Protomorphic
(Pro`to*mor"phic) a. [Proto- + Gr. form.] (Biol.) Having the most primitive character; in the earliest form; as, a protomorphic layer of tissue. H. Spencer.

Protonema
(||Pro`to*ne"ma) n.; pl. Protonemata [NL., fr. Gr. first + a thread.] (Bot.) The primary growth from the spore of a moss, usually consisting of branching confervoid filaments, on any part of which stem and leaf buds may be developed.

Protonotary
(Pro*ton"o*ta*ry) n. Same as Prothonotary.

Protoörganism
(Pro`to*ör"gan*ism) n. [Proto- + organism.] (Biol.) An organism whose nature is so difficult to determine that it might be referred to either the animal or the vegetable kingdom.

Protopapas
(||Pro`to*pap"as) n. [NL., from Gr. a chief priest.] (Gr. Ch.) A protopope.

Protophyte
(Pro"to*phyte) n. [Proto- + Gr. a plant.] (Bot.) Any unicellular plant, or plant forming only a plasmodium, having reproduction only by fission, gemmation, or cell division.

The protophytes (Protophyta) are by some botanists considered an independent branch or class of the vegetable kingdom, and made to include the lowest forms of both fungi and algæ, as slime molds, Bacteria, the nostocs, etc. Cf. Carpophyte, and Oöphyte.

Protophytology
(Pro`to*phy*tol"o*gy) n. [Proto- + phytology.] Paleobotany.

Protopine
(Pro"to*pine) n. [Proto- + opium.] (Chem.) An alkaloid found in opium in small quantities, and extracted as a white crystalline substance.

Protoplasm
(Pro"to*plasm) n. [Proto- + Gr. form, fr. to mold.] (Biol.) The viscid and more or less granular material of vegetable and animal cells, possessed of vital properties by which the processes of nutrition, secretion, and growth go forward; the so-called " physical basis of life;" the original cell substance, cytoplasm, cytoblastema, bioplasm sarcode, etc.

The lowest forms of animal and vegetable life (unicellular organisms) consist of simple or unaltered protoplasm; the tissues of the higher organisms, of differentiated protoplasm.

Protoplasmatic
(Pro`to*plas*mat"ic) a.
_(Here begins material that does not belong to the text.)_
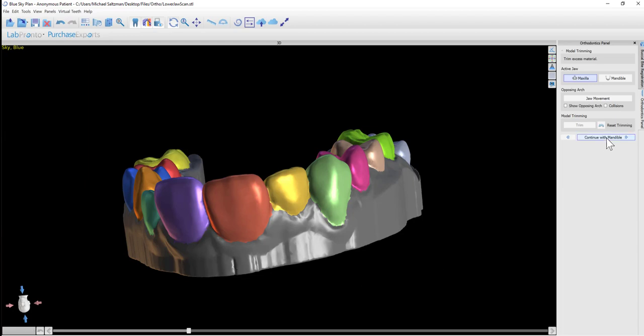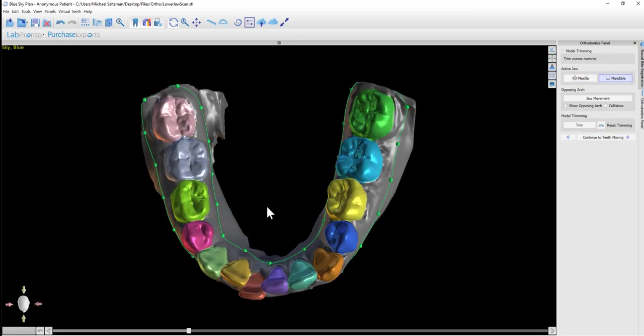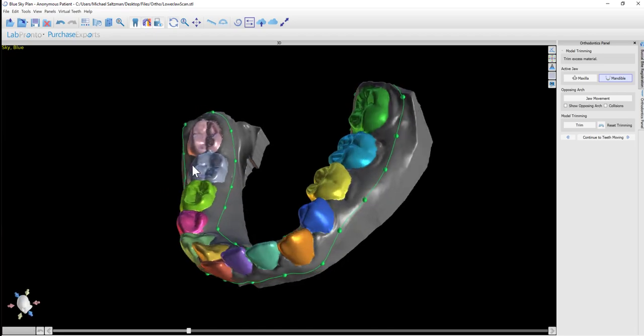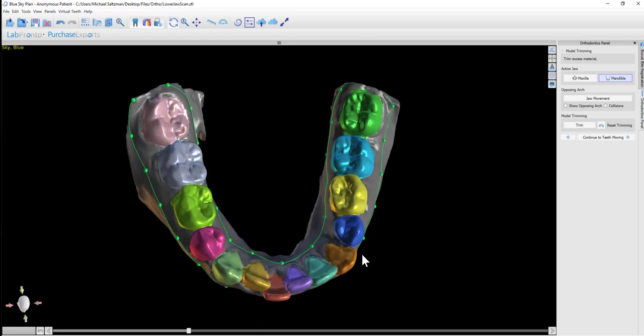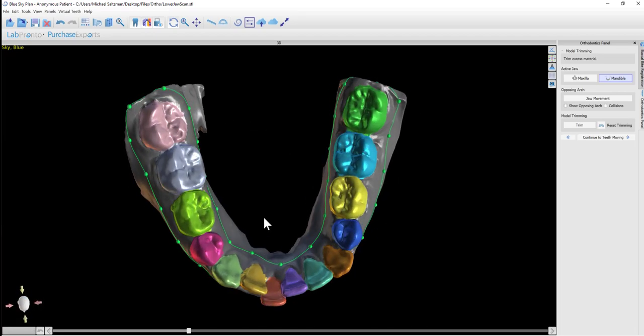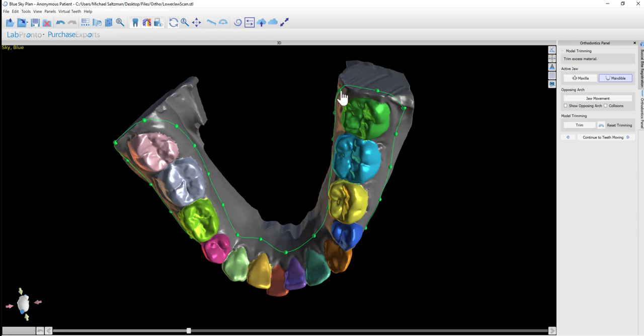Now we're continuing by trimming the mandibular model. I'm going to click Continue with Mandible. The curve shows up automatically for the mandible. We can look it over and see if there's anything we want to change. There's no reason to be concerned if the curve extends past the back of the model.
Protoplasmic.

Protoplasmic
(Pro`to*plas"mic) a.

1. Of or pertaining to the first formation of living bodies.

2. (Biol.) Of or pertaining to protoplasm; consisting of, or resembling, protoplasm.

Protoplast
(Pro"to*plast) n. [L. protoplastus the first man, Gr. formed or created first; first + formed, fr. to form.]
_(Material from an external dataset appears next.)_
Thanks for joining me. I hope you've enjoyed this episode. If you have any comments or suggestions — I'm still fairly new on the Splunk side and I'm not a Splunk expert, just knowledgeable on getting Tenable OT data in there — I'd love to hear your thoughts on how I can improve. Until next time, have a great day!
1. The thing first formed; that of which there are subsequent copies or reproductions; the original.

2. (Biol.) A first-formed organized body; the first individual, or pair of individuals, of a species.

A species is a class of individuals, each of which is hypothetically considered to be the descendant of the same protoplast, or of the same pair of protoplasts.
Latham.

Protoplasta
(||Pro`to*plas"ta) n. pl. [NL.] (Zoöl.) A division of fresh-water rhizopods including those that have a soft body and delicate branched pseudopodia. The genus Gromia is one of the best-known.

Protoplastic
(Pro`to*plas"tic) a. First- formed. Howell.